> Required action: Your answer should hold exactly the lines below from the line with "Ali Ratib Daham, 40, talks" through the line with "Sitting Mouse with a red hat and scarf", both included, and no pictures at all.
---------------
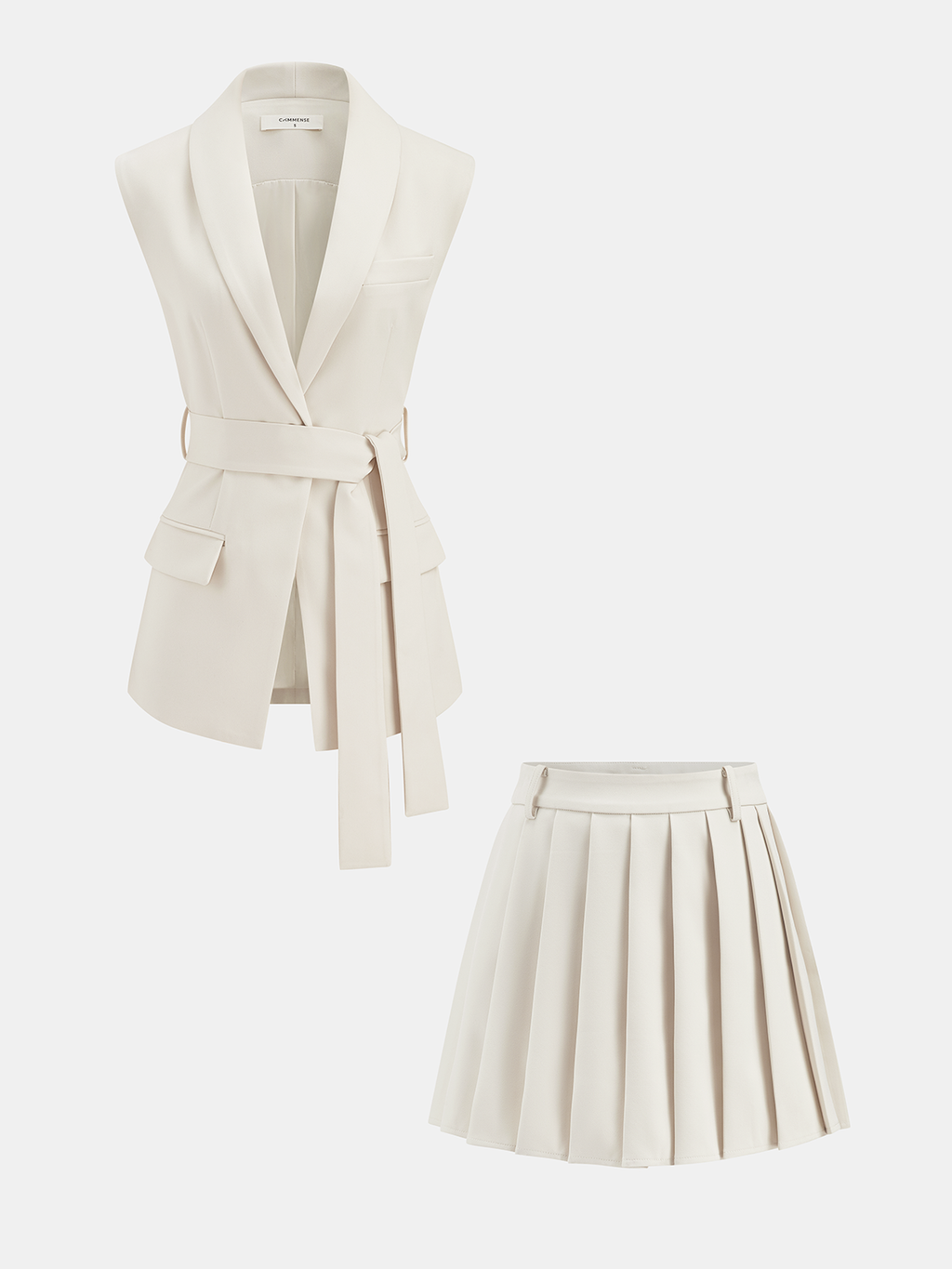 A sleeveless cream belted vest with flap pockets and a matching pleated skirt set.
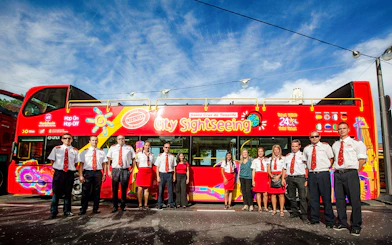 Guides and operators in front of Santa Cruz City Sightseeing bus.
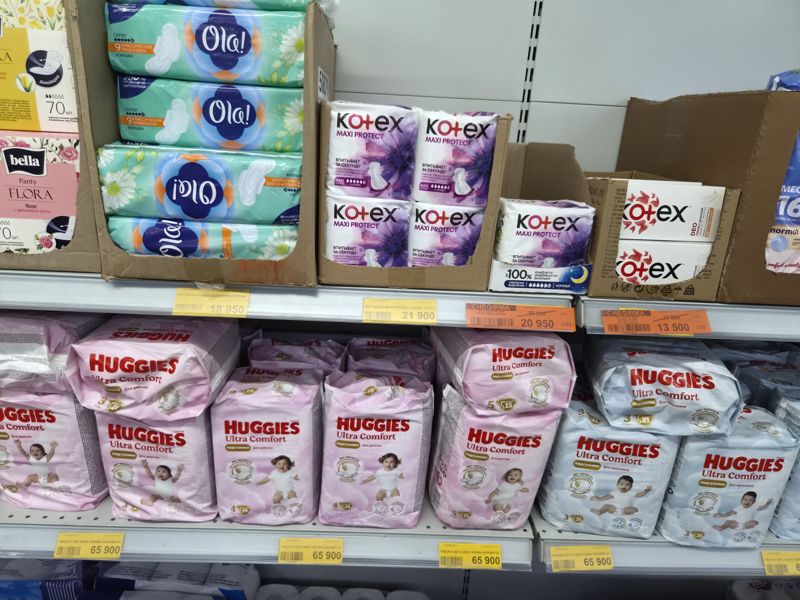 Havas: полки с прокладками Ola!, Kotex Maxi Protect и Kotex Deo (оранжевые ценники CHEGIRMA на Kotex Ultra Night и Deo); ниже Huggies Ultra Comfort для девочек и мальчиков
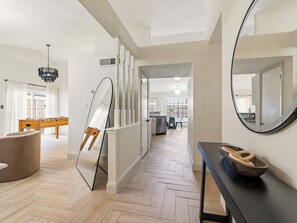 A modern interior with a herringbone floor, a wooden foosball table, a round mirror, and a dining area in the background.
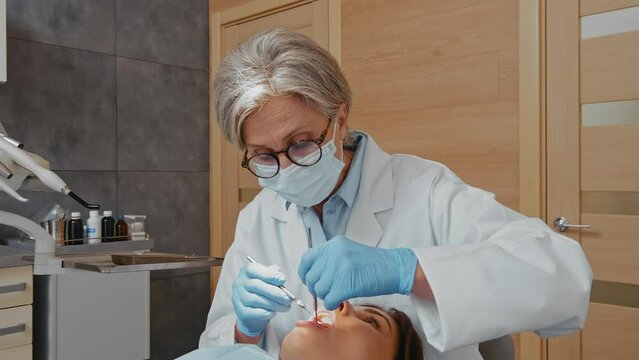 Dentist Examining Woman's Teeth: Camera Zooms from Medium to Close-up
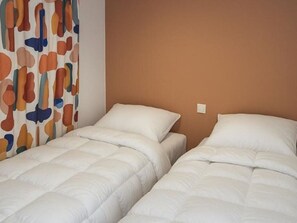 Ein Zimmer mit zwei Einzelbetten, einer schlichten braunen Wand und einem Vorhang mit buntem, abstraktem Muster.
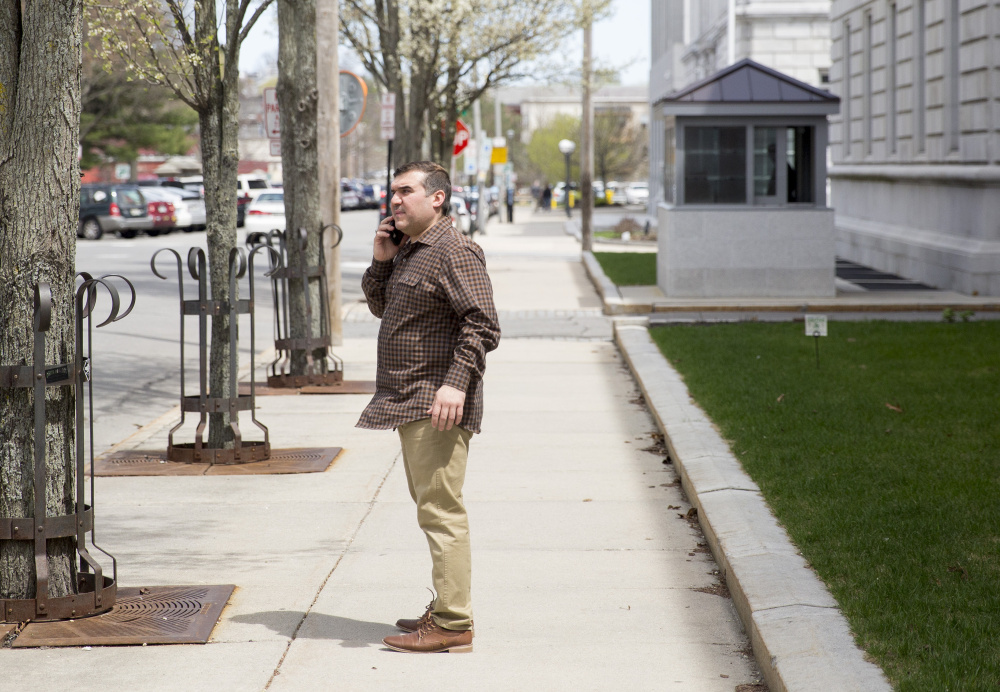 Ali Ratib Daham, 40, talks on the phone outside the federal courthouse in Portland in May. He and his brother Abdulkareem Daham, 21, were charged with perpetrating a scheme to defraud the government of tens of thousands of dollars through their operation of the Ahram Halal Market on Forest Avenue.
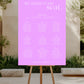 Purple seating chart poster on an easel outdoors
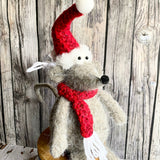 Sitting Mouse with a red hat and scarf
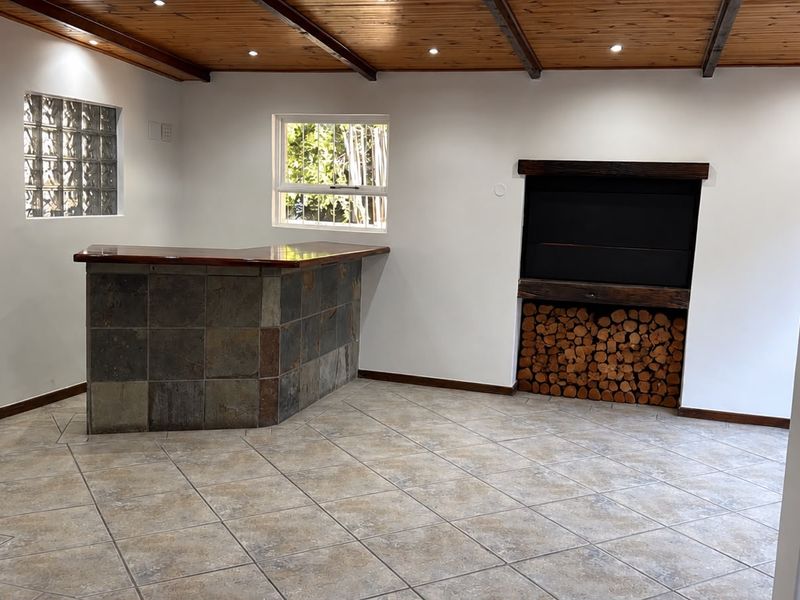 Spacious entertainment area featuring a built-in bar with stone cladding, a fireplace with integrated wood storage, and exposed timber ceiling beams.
---------------
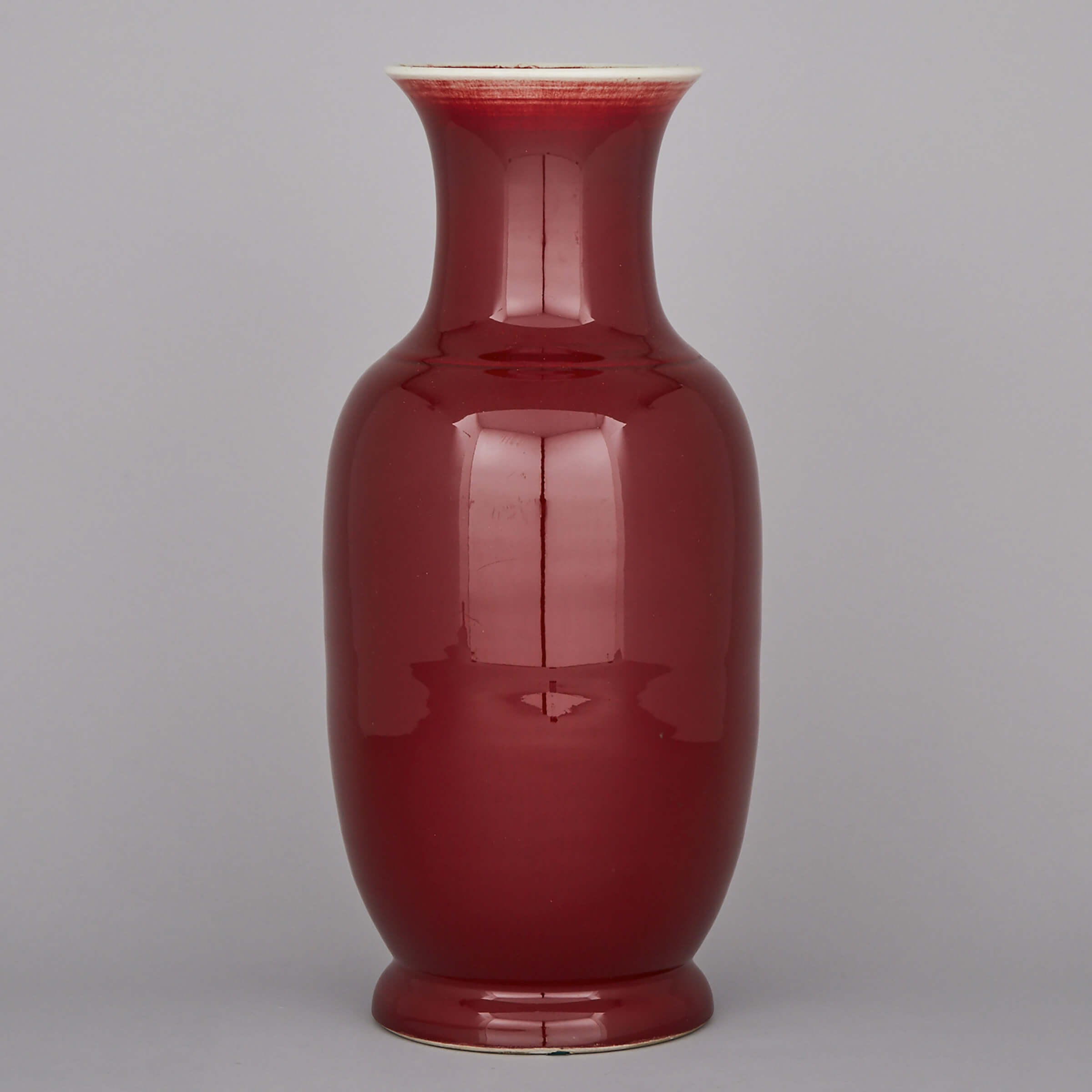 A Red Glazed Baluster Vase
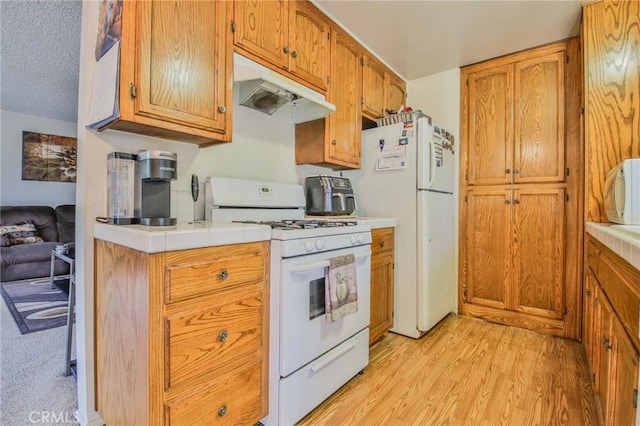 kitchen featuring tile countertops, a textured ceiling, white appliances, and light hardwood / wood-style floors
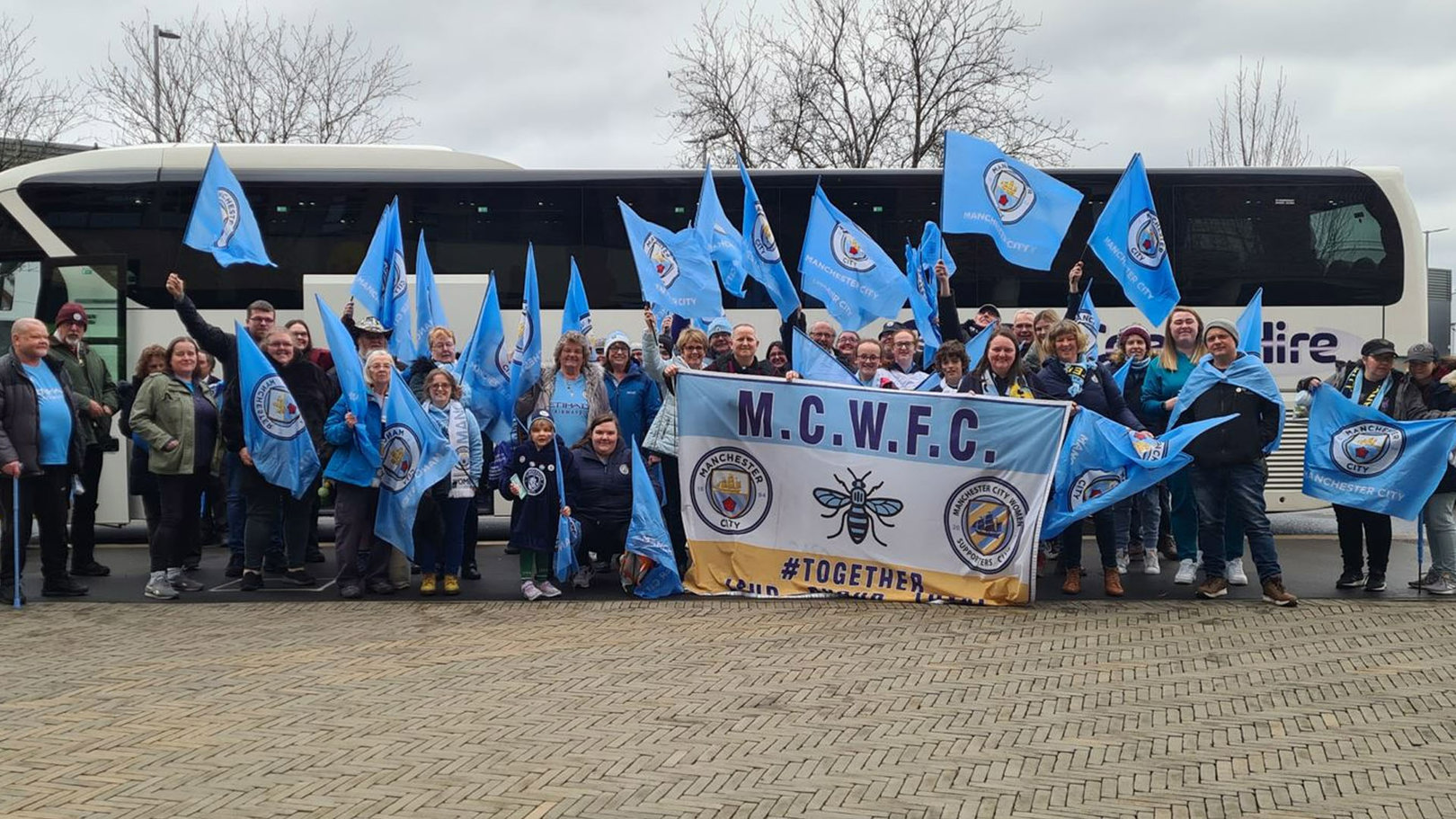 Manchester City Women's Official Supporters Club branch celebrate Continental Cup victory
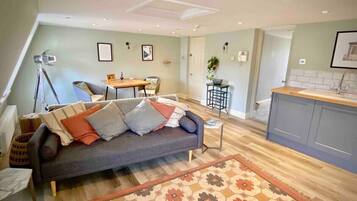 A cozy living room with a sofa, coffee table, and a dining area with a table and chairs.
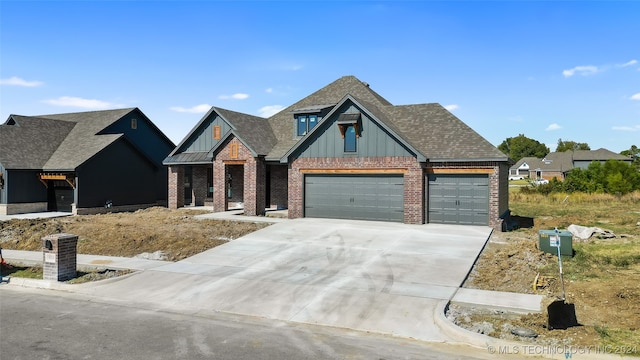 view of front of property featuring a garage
---------------
> Finished exercise:
 Ali Ratib Daham, 40, talks on the phone outside the federal courthouse in Portland in May. He and his brother Abdulkareem Daham, 21, were charged with perpetrating a scheme to defraud the government of tens of thousands of dollars through their operation of the Ahram Halal Market on Forest Avenue.
 Purple seating chart poster on an easel outdoors
 Sitting Mouse with a red hat and scarf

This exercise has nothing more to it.